Welcome from the Chief

Paul R. Bohjanen, MD, PhDInfectious diseases have been major public health threats throughout history. Great strides have been made in the treatment and prevention of infectious diseases with antibiotics and vaccines however, new challenges continue to arise.  

The URMC Infectious Diseases Division offers expertise in a wide range of areas including viral diseases such as Human Immunodeficiency Virus (HIV), Influenza, Respiratory Syncytial Virus (RSV) and Human Papilloma Virus (HPV) as well as bacterial infections including Methicillin Resistant Staphylococcus aureus, pneumococcus and Clostridium difficile and immunology.  Our team has expertise in the care of transplant related infections, complex cardiac infections, infections in long term care facilities, sexually transmitted diseases and B cell immunology. Our division includes faculty at Highland, Rochester General and Unity Hospitals and maintains active clinical, research and educational missions.

Paul R. Bohjanen, MD, PhD
Chief, Infectious Diseases Division
Co-director, Translational Immunology and Infectious Diseases Institute

Paul Graman, MD and Brenda Tesini, MD

Spotlight: The Superheroes of Stopping COVID-19 Transmission in its Tracks

From keeping on top of the latest COVID-19 guidance to tracking infections and helping UR Medicine manage its PPE, our Infection Prevention team has been at the heart of our COVID-19 response. Led by Paul Graman, M.D., professor of Medicine in Infectious Diseases and hospital epidemiologist, and Brenda Tesini, M.D., associate hospital epidemiologist and assistant professor of Medicine and Pediatrics in Infectious Diseases (both pictured right), the team consists of nine infection preventionists, many of them nurses.
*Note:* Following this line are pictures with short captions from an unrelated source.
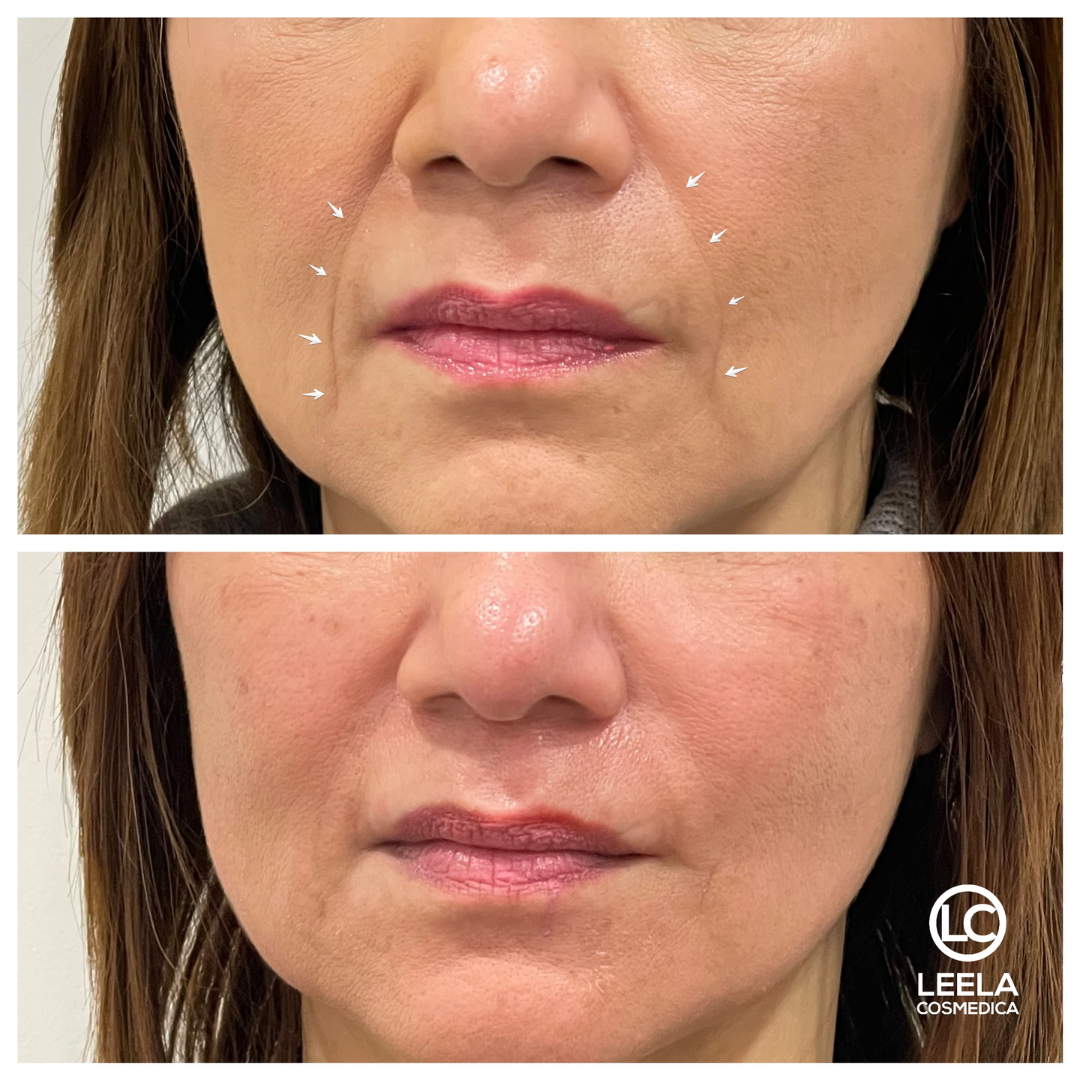 Seoul 1988 Retinal Cream - Remove Fine lines + Wrinkle & Give Clean, Tight & Glowy Skin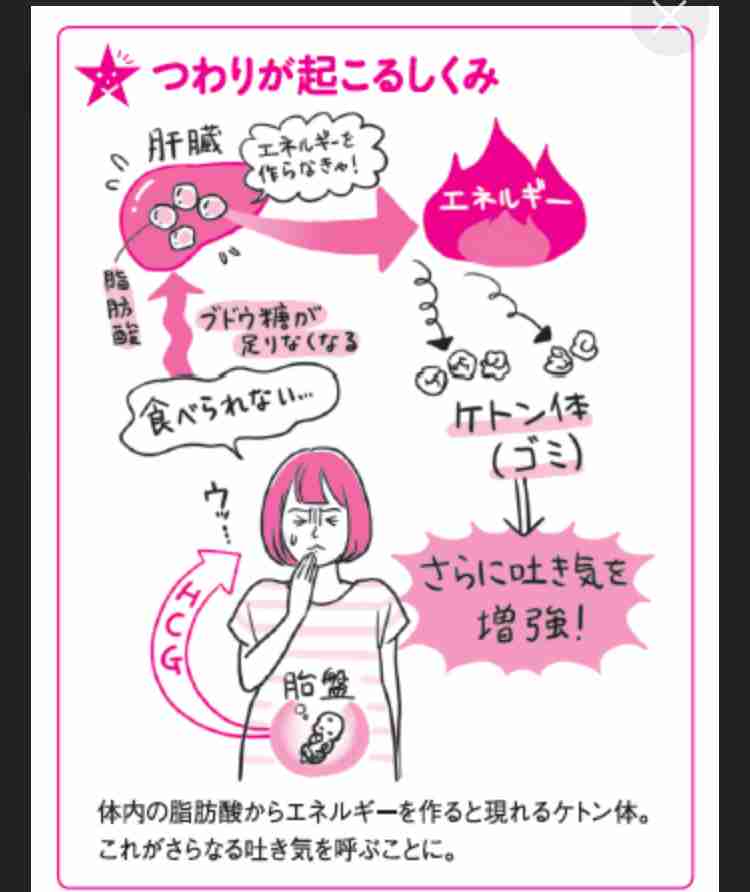 【原因】悪阻について話そう【不明】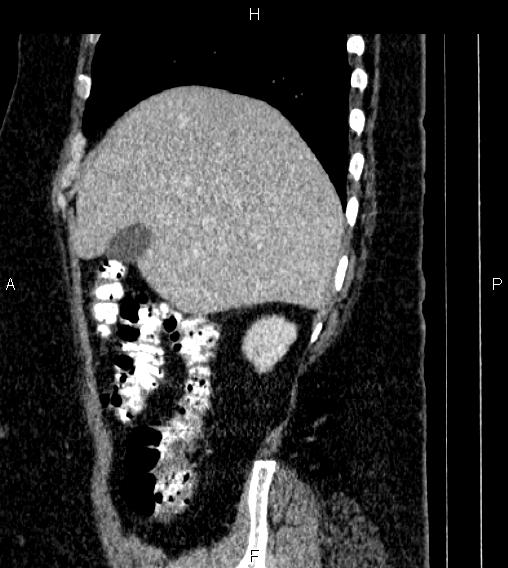 Adrenal myelolipoma (Radiopaedia 84319-99617 Sagittal renal cortical phase 19).jpg
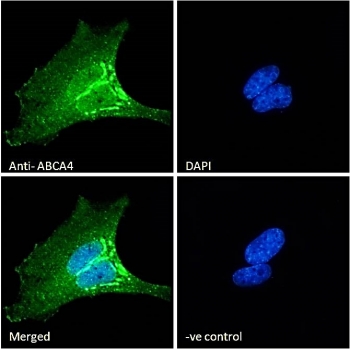 Immunofluorescent staining of fixed and permeabilized human HeLa cells with ABCA4 antibody (green) at 10ug/ml and DAPI nuclear stain (blue).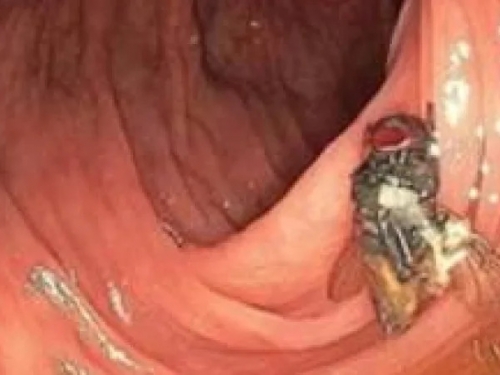 我的結腸內有蒼蠅！ 他做大腸鏡檢查驚見「嬌客停腹中」 ：沒感覺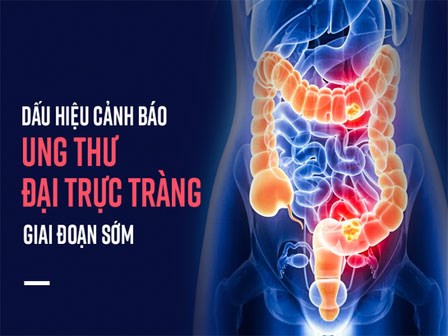 Nếu sáng ngủ dậy đau bụng hoặc có triệu chứng sau, bạn nên khẩn trương đi khám ung thư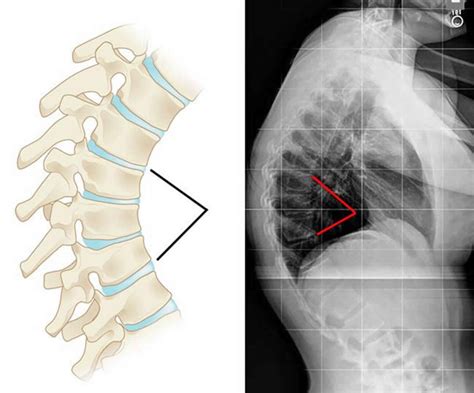 Scheuermann S Disease Causes Symptoms Diagnosis Treatment And Prognosis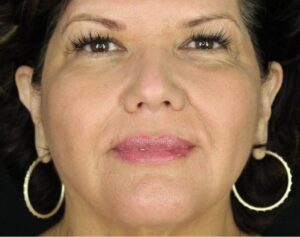 Dermal Fillers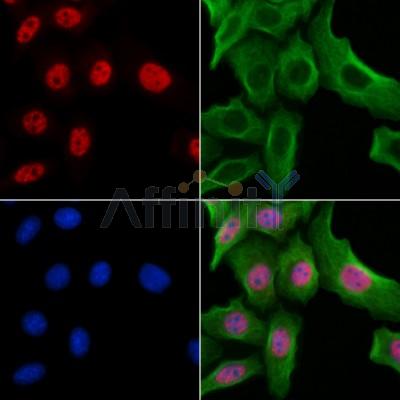 HIST1H1T Antibody - DF13061 staining Hela cells by IF/ICC.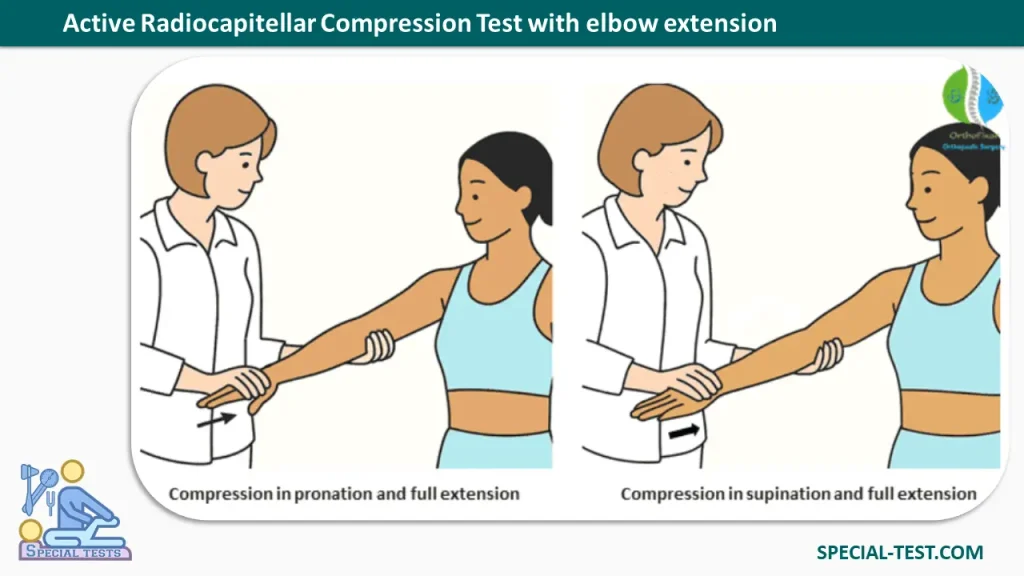 Active Radiocapitellar Compression Test with elbow extension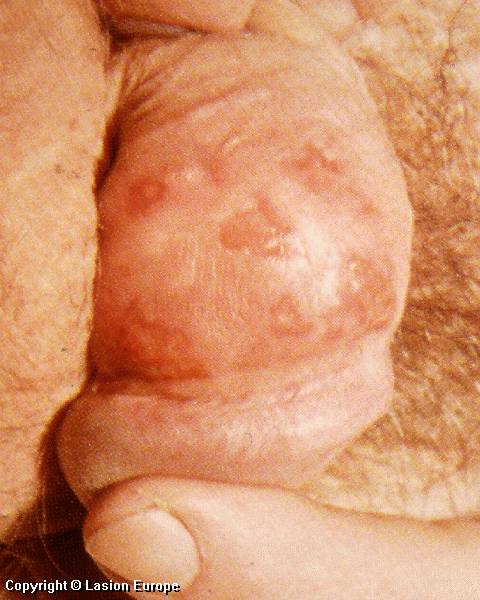 herpes pictures men. genital-herpies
"They are the foot soldiers who are really doing the front-line work," Graman said. "They track our COVID-positive patients and those who might have been exposed to them in a significant way, whether they are staff members, health care workers or other patients. It's a full-time job for several people. Their work allows us to determine who needs to be quarantined, which helps slow the spread of COVID-19, allowing URMC to manage the caseload."
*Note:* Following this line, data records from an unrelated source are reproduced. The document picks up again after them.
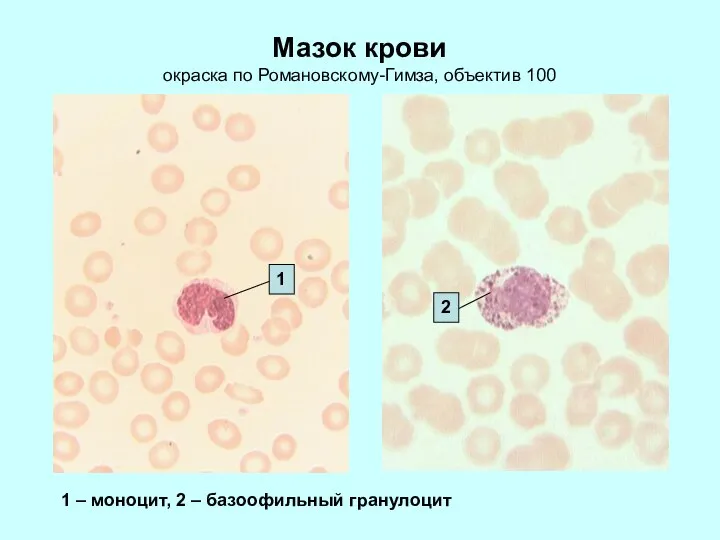 Мазок крови окраска по Романовскому-Гимза, объектив 100 1 1 – моноцит, 2 – базоофильный гранулоцит 2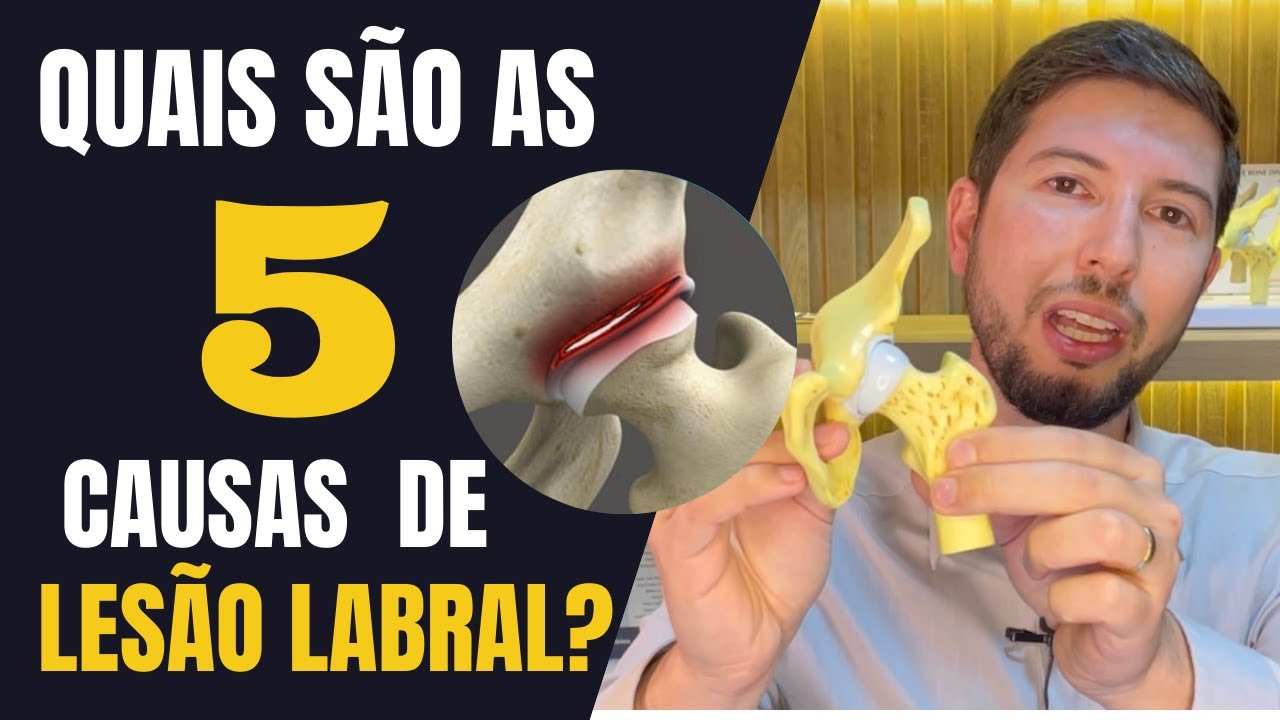 Quais são as 5 Causas de Lesão Labral?  | Dr Rafael Tavares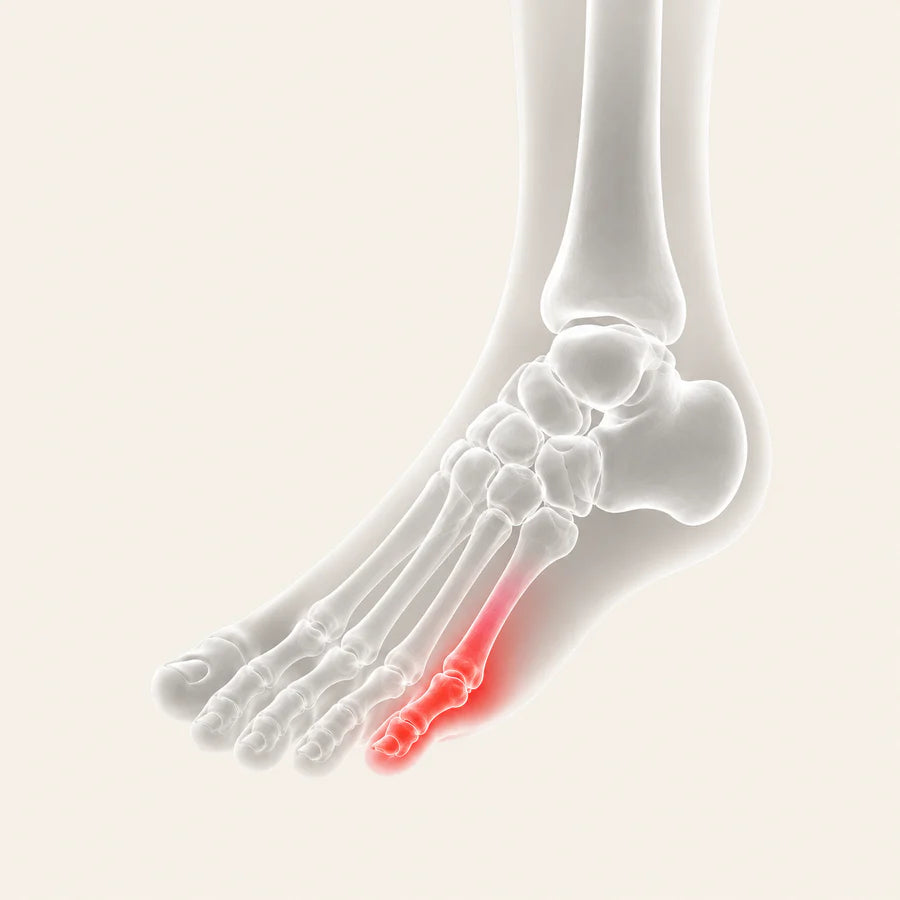 Hammertoes: Little Toe Pain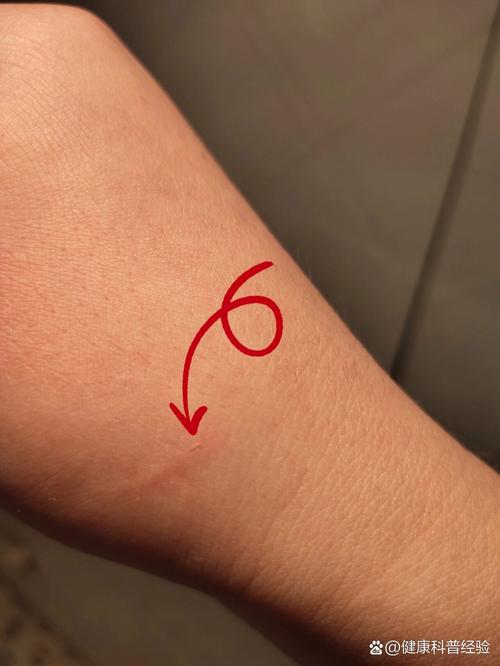 ...咬了下,没破皮没流血,只有一点牙齿印,需要打针吗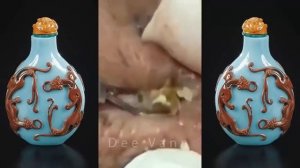 часть 21 : Удаление черных точек, полное видео от доктора Nana, Blackhead Removal.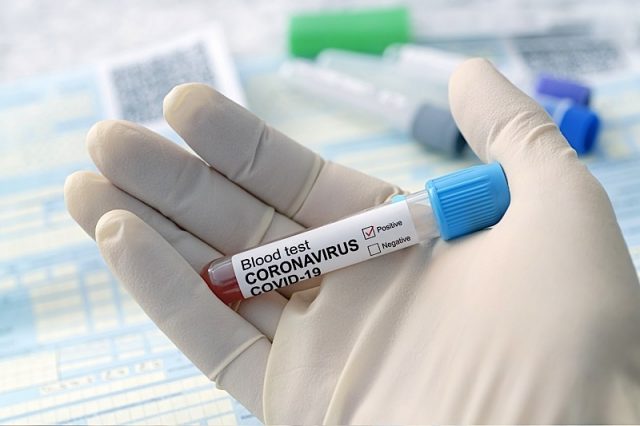 Coronavirus Test Photo courtesy of BigStock/diy13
Graman and Tesini, meanwhile, have been the public face of our Infection Prevention effort, fielding questions, providing reassurance and guiding decisions on everything from what PPE is needed in a given situation to testing protocols.
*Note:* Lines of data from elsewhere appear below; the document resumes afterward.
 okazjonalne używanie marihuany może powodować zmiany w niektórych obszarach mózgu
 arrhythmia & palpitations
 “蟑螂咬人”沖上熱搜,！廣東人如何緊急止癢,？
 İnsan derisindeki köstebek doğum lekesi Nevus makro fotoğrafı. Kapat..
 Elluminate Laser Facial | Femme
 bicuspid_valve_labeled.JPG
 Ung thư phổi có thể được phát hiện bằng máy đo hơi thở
"It has been a challenging time, but we’re inspired by the dedication of everyone at URMC who has been going above and beyond their pre-COVID roles during this pandemic," Tesini said. "In some ways, we think of all of URMC's staff members and health care providers as our patients. It's our job to use our knowledge of COVID-19 to keep everyone safe and protected while they are under our roof."